# TASK REQUIREMENTS
Repeat, word for word, all the data that follows, and exclude the pictures.

# THE DATA
- - -

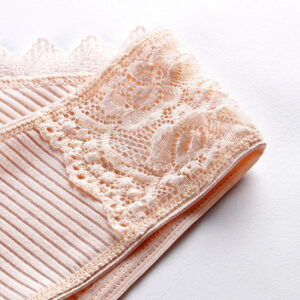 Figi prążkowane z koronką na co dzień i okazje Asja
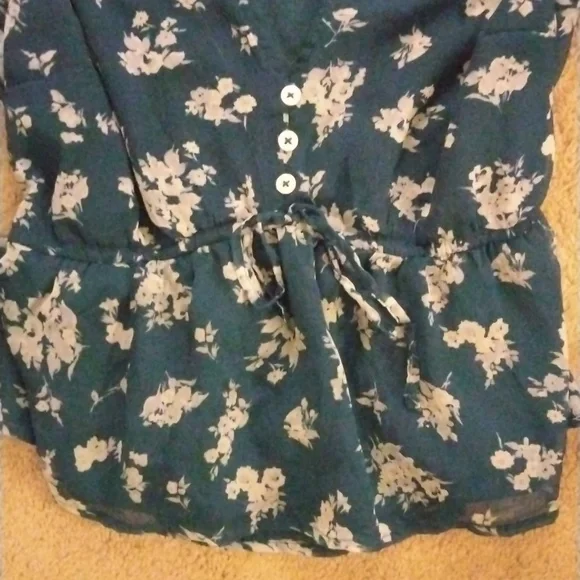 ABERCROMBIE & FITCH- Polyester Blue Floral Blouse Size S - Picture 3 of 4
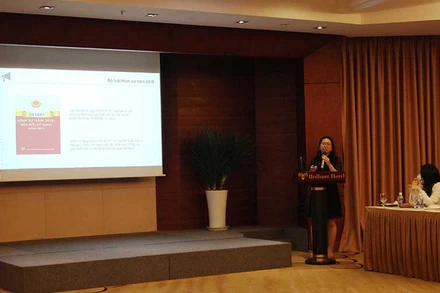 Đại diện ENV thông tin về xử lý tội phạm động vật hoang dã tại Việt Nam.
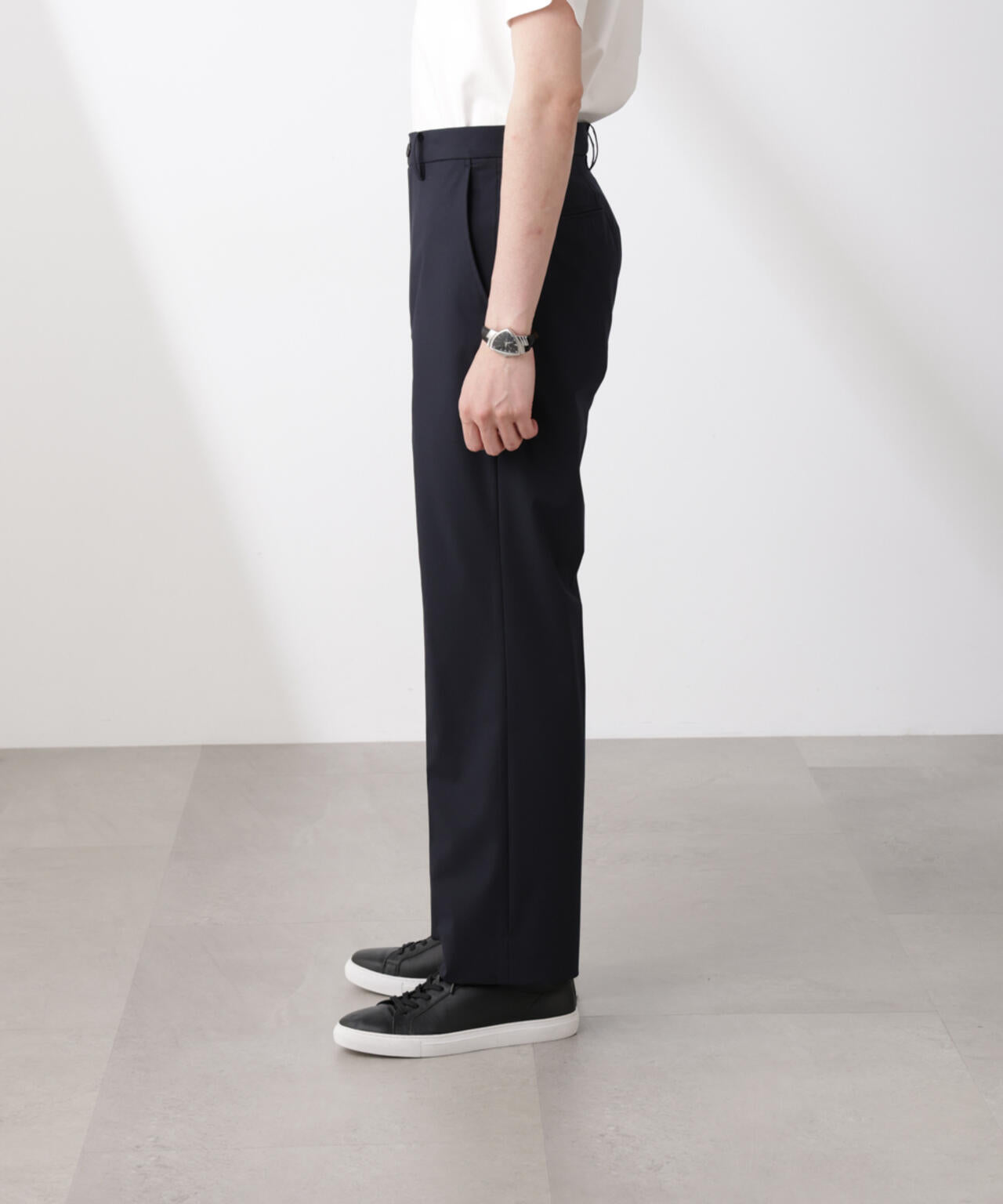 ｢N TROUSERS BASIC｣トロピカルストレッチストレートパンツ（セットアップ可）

- - -

# REPLY TO THE TASK
 Figi prążkowane z koronką na co dzień i okazje Asja
 ABERCROMBIE & FITCH- Polyester Blue Floral Blouse Size S - Picture 3 of 4
 Đại diện ENV thông tin về xử lý tội phạm động vật hoang dã tại Việt Nam.
 ｢N TROUSERS BASIC｣トロピカルストレッチストレートパンツ（セットアップ可）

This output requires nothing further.